Las lunas de Lorca
Una luna que pinta y una luna que borra, locura lunar y gente alu(ci)nada.
Enero es el mes más cruel para el escritor de newsletters en Argentina, porque pasan pocas cosas o ninguna y porque hace mucho calor para sentarse a pensar y el cuerpo quiere pileta y helado o mar y cerveza o combinaciones similares y poco más. No obstante lo cual persistí, estas semanas, y terminé volviendo por necesidad interior a una obsesión evidente, que es la luna.
En el primer año de esta aventura, escribí sobre las metáforas y símiles con que se ha nombrado la luna en la literatura y en la tradición popular. Por ese entonces no había leído todavía el «Romance de la luna» de Federico García Lorca (parte de la obra Bodas de sangre, de 1933), y me faltaban, por lo tanto, algunos datos.
Cisne redondo en el río, ojo de las catedrales, alba fingida en las hojas soy; ¡no podrán escaparse! ¿Quién se oculta? ¿Quién solloza por la maleza del valle? La luna deja un cuchillo abandonado en el aire, que siendo acecho de plomo quiere ser dolor de sangre. (…) ¡Tengo frío! Mis cenizas de soñolientos metales buscan la cresta del fuego por los montes y las calles. (…) ¿Quién se oculta? ¡Afuera digo! ¡No! ¡No podrán escaparse! Yo haré lucir al caballo una fiebre de diamante.

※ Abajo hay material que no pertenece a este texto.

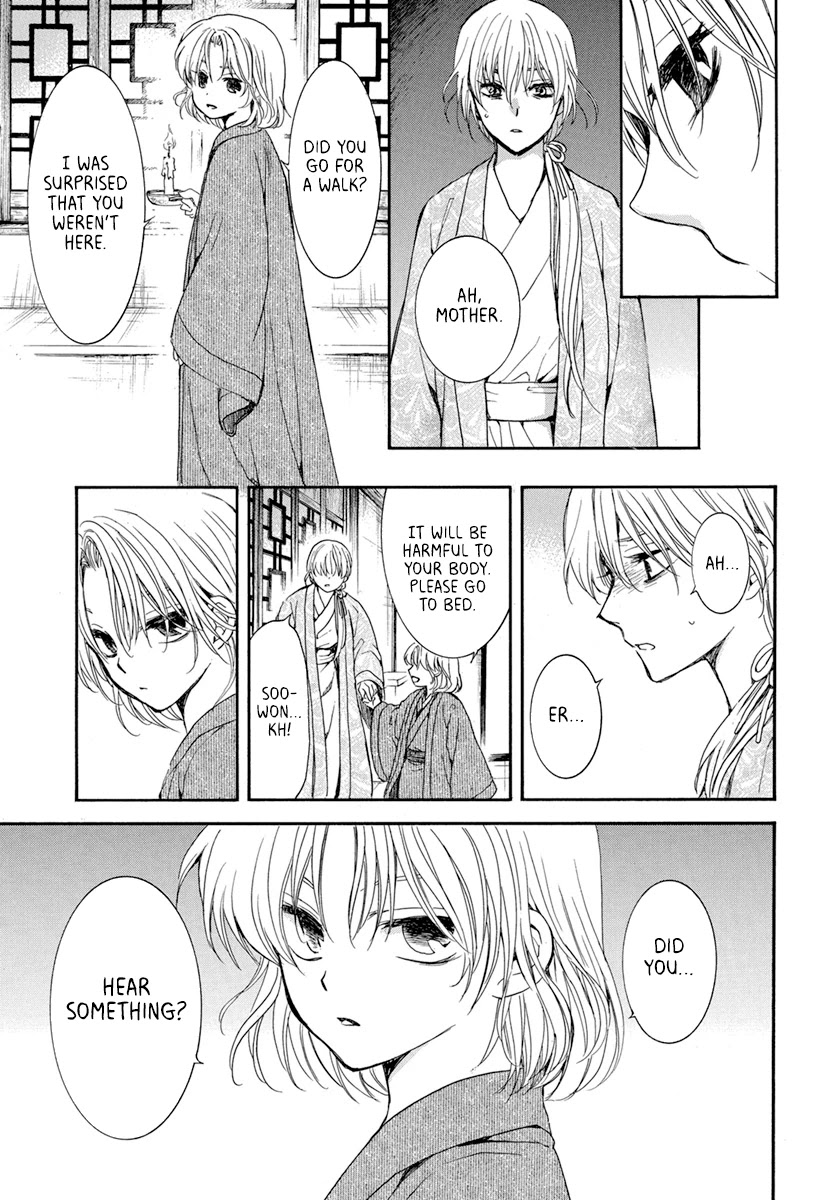 Akatsuki no Yona Chapter 196 page 25 - Chapter 196: The pain that was inflicted, on those who inflicted it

Esta luna tiene frío porque es fría: un reflejo del sol pero sin calor propio, metal dormido, un cuchillo abandonado. La luna busca un corazón humano donde abrigarse y, porque acá es verano y el frío es bienvenido, uno quisiera concederle ese espacio, pero sospecho que Lorca no pretendía responder al clamor lunar con un asentimiento: esta luna desesperada por calidez es una intrusa peligrosa capaz de infundir locura, como al final sugiere la palabra «fiebre», y como dice la superstición popular de que dormir al aire libre en una noche de luna enloquece, por no hablar de la tradición de los hombres lobo y similares. De ecos de estas tremebundas leyendas proviene la expresión, usada por nuestras madres y abuelas (¿y las madres de hoy?) de que un niño está «con luna» o «alunado». Transferir la responsabilidad por los actos y hábitos humanos indeseables a los astros distantes es, a fin de cuentas, uno de los asuntos centrales de la astrología.
En otro poema de Lorca, «La luna y la muerte», la amenaza lunar proviene del manto de engaño que su luz tiende sobre la noche, y la locura aparece otra vez:
La luna le ha comprado pinturas a la Muerte. En esta noche turbia ¡está la luna loca!
La luna y la muerte son aliadas, quizá socias, quizá entes naturalmente afines. Con los colores que vende la Muerte, que va «como un hada de cuento mala y enredadora», la luna transforma el paisaje nocturno en un espectáculo sombrío y deprimente, donde el poeta se extravía.
Recordé, al leer esta caracterización, que el Borges de «El Zahir» aprobaba el efecto de la noche en las casas y calles que veía en sus caminatas nocturnas por Buenos Aires: una simplificación geométrica, una abstracción que deja a la memoria libre para reconstruir sobre la realidad el pasado recordado. Entiendo que la luna participaba de este cambio, que no era sombrío ni causante de confusión, sino tranquilizador.
La luna porteña de Borges no era la misma que la luna campesina de Lorca, eso está claro, quizá porque, como la ciudad misma, es naturaleza encauzada, enmarcada. Lorca no desconocía esta versión urbana: en Nueva York, en tiempos más experimentales, había escrito, desde una alta terraza, que estaba «luchando con la luna» mientras «enjambres de ventanas acribillaban un muslo de la noche». Aunque la imagen es de conflicto, no deja de tener un límite artificial que la contiene: la locura, aunque persiste, no llega a ser infundida por el astro al interior del alma humana. Está allá afuera, es un reflejo roto. Contra él, el hombre firme en la terraza de un rascacielos puede resistirse, y hasta se da el lujo de contemplarlo —como Borges en sus paseos— como hecho estético.